Stored data

-*-*-

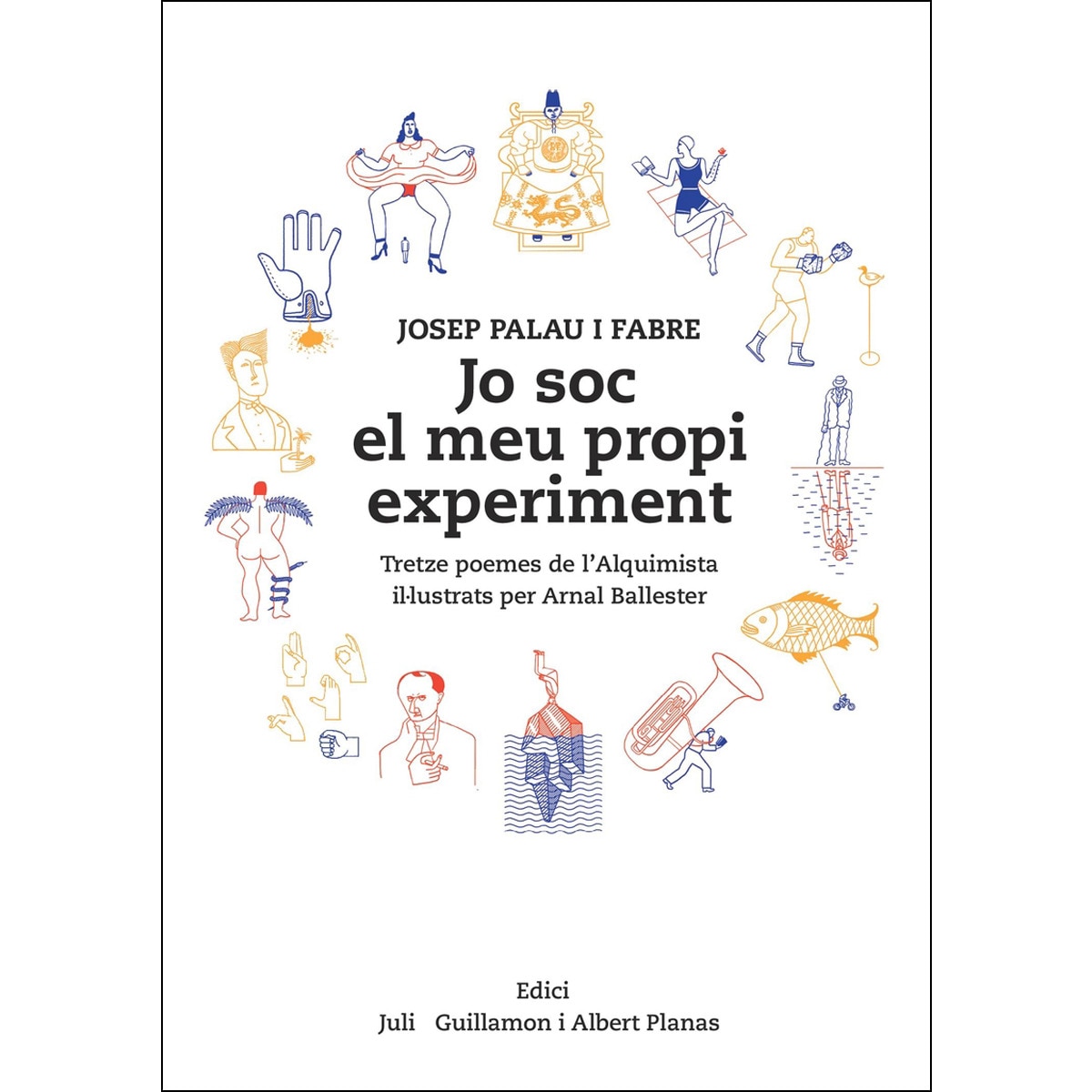 Imagen 0 de Jo soc el meu propi experiment: Tretze poemes de l'Alquimista il.lustrats per Arnal Ballester  (Tapa dura)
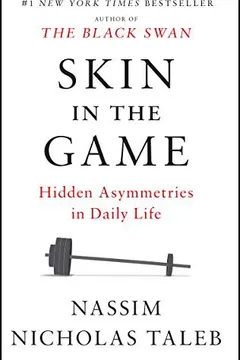 Cover of Skin in the Game: The Hidden Asymmetries of Life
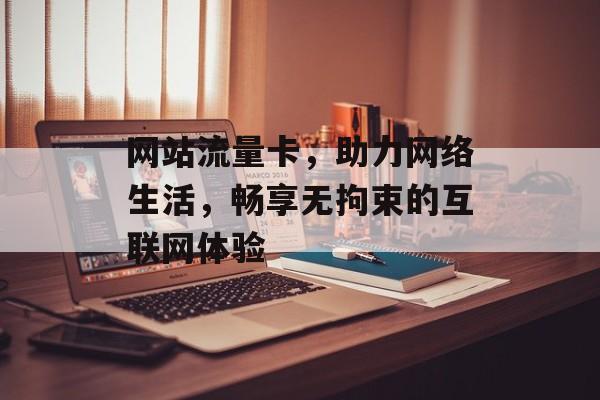 网站流量卡,助力网络生活,畅享无拘束的互联网体验 网站流量卡,助力网络生活,畅享无拘束的互联网体验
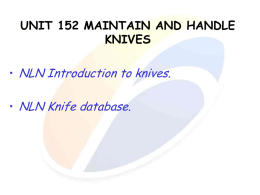 Maintain and handle knives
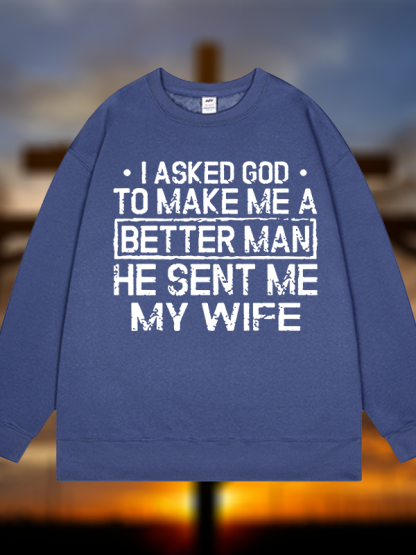 I Asked God To Make Me A Better Man He Sent Me My Wife Jesus God Christian Sweatshirt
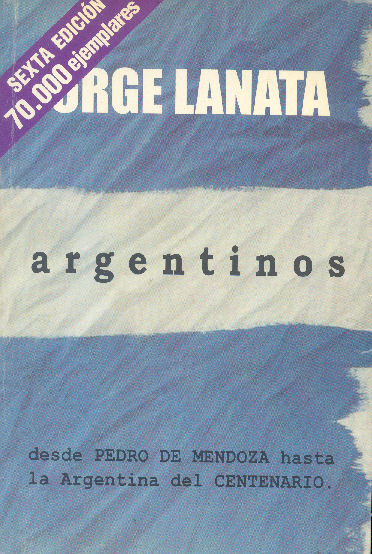 Argentinos: Desde Pedro de Mendoza hasta La argentina del centenario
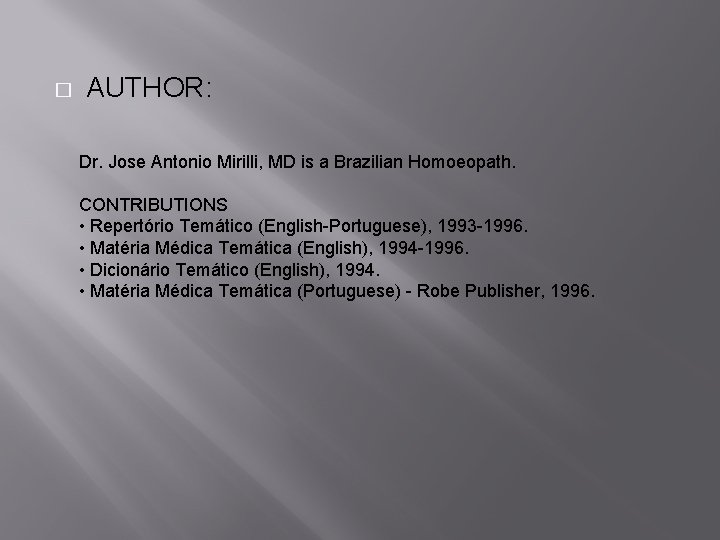 � AUTHOR: Dr. Jose Antonio Mirilli, MD is a Brazilian Homoeopath. CONTRIBUTIONS • Repertório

-*-*-

Leave out the pictures, and give all the records again exactly.

◆ Response to this task:
 Imagen 0 de Jo soc el meu propi experiment: Tretze poemes de l'Alquimista il.lustrats per Arnal Ballester  (Tapa dura)
 Cover of Skin in the Game: The Hidden Asymmetries of Life
 网站流量卡,助力网络生活,畅享无拘束的互联网体验 网站流量卡,助力网络生活,畅享无拘束的互联网体验
 Maintain and handle knives
 I Asked God To Make Me A Better Man He Sent Me My Wife Jesus God Christian Sweatshirt
 Argentinos: Desde Pedro de Mendoza hasta La argentina del centenario
 � AUTHOR: Dr. Jose Antonio Mirilli, MD is a Brazilian Homoeopath. CONTRIBUTIONS • Repertório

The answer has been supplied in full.